I've never been a big sports fan. Although I was a fairly handy goalkeeper when I was in school, I never really got the point of football and rugby was too much like organised rioting; being tall I was constantly pushed into basketball but lacked the hand to eye coordination to actually do anything - or, at least, so my PE teacher would wearily write on my reports, year after year. The one sport I got, the one sport I understood, was racing and, in particular, motor racing.
I could wax lyrical about the poetry of man and machine in harmony but that would be pretentious and, despite the subtitle of this blog, I try not to be pretentious too often. Suffice it to say that I grew up in the 1970s and 1980s, enthralled by the sight of Formula 1; watching the races (when they were on TV) and recreating them on Scalextric with my friend Rodney.
And then, in the 1990s, I watched in horror as Roland Ratzenberger and Ayrton Senna were killed at Imola and my taste for motor racing waned. Other things attracted my attention and, looking back, I think I was a little sickened by a sport that killed its participants. I came back to the sport in 1999, and my love for it was as fanatical as ever. I would watch every race. In the off season, I would recreate the races again but this time on a PS1, then a PS2. A few years later, I discovered Indy Racing and Champ Cars in the US, and fell in love with oval racing - the speed, the tension, the lead changes.

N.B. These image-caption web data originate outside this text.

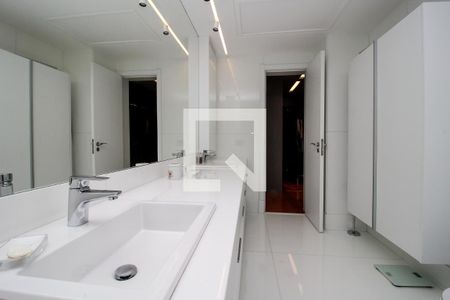 Apartamento à venda com 296m², 4 quartos e 4 vagasBanheiro da Suíte 4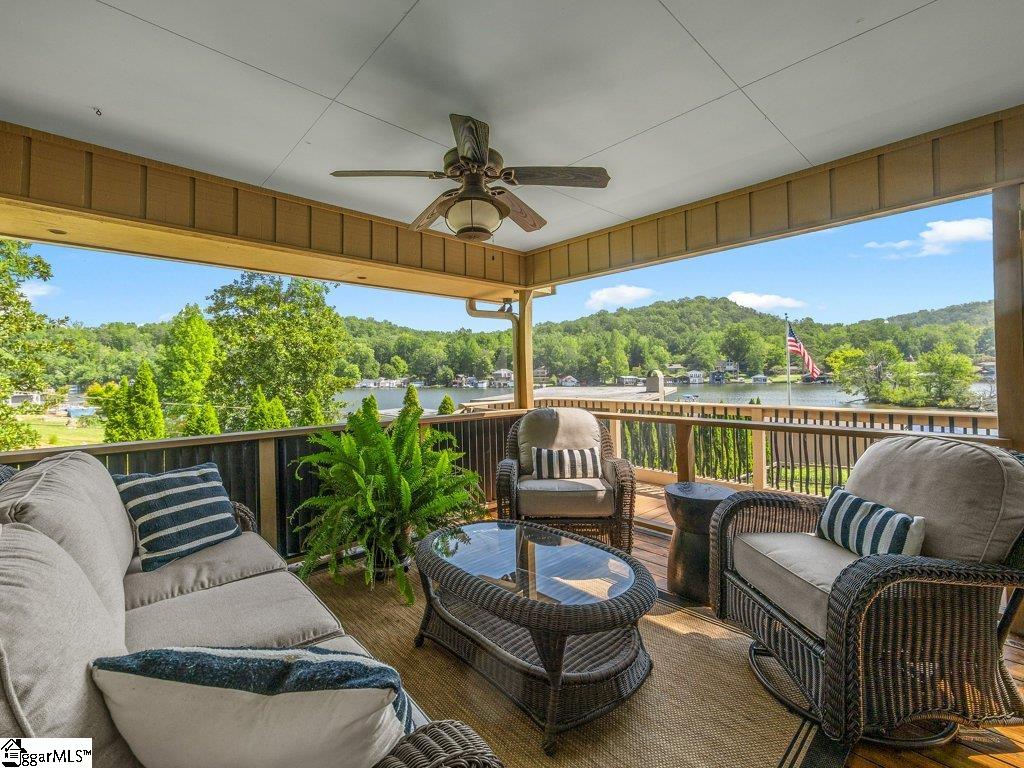 1522 W Lakeshore Drive Property Photo 15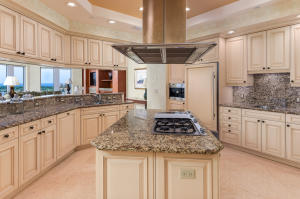 ONE WATERMARK PLACE OF TH - Residential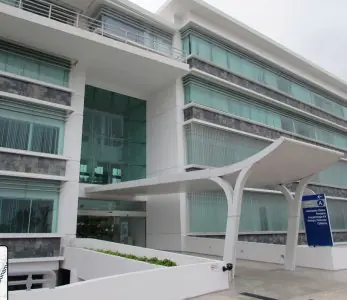 Fachada moderna de Azuna Medical Center Amerimed Hospital Cancún, México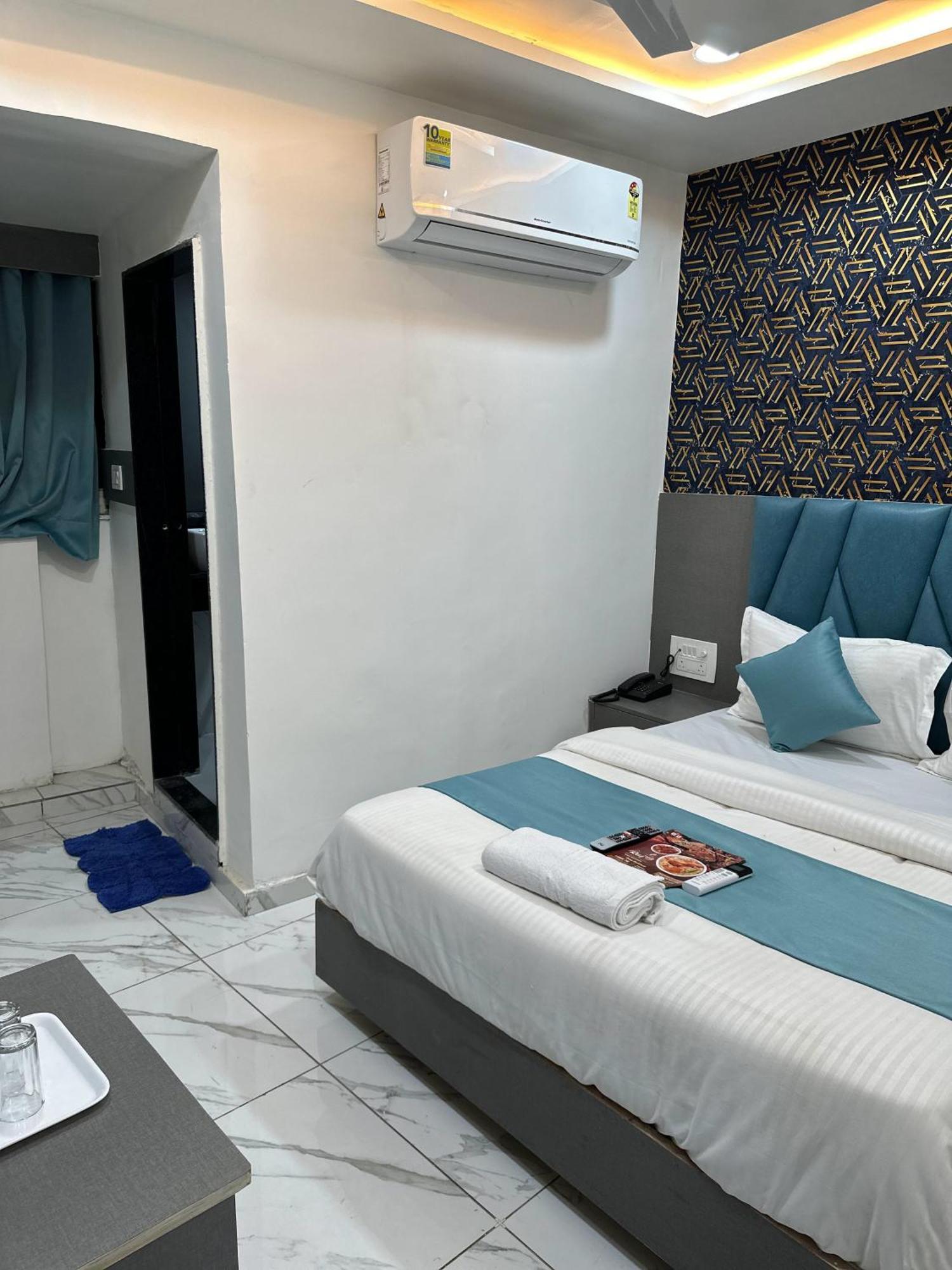 Hotel The Pacific Ahmedabad Airport Eksteriør bilde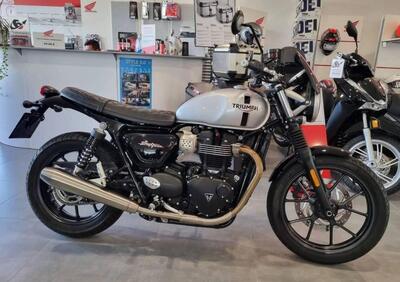 Triumph Street Twin 900 (2019 - 20) - Annuncio 9729006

I had tickets for the 2005 Indy 500 and, had G not left me a few months before, would have gone - I regret not going anyway.
It took a while but I got to know the personalities of the drivers - cheery Helio Catroneves and his habit of climbing the catch fencing after a win; surly Paul Tracy, seemingly always with a chip on his shoulder about something; matey, down-to-earth Gil de Ferran; talented, quick but somehow untrustworthy Sam Hornish Jr, the IRL's version of Nando. And then there was Dan Wheldon; the Brit done good in the US. The guy who always seemed cheerful, always seemed happy, with a smile on his face and a mid Atlantic accent that was charming.
Wheldon did well; he achieved a high degree of success in the sport, winning the Indy 500 twice - including the 2005 race that I nearly saw. Latterly, he had struggled to find a seat - Indy has its money problems like everyone else, and the sponsorship just hadn't been there - but he managed to get a few drives this year, including the Indy 500 (which he won in an astonishing race that actually left me hoarse at the end) and yesterday's season finale at Las Vegas.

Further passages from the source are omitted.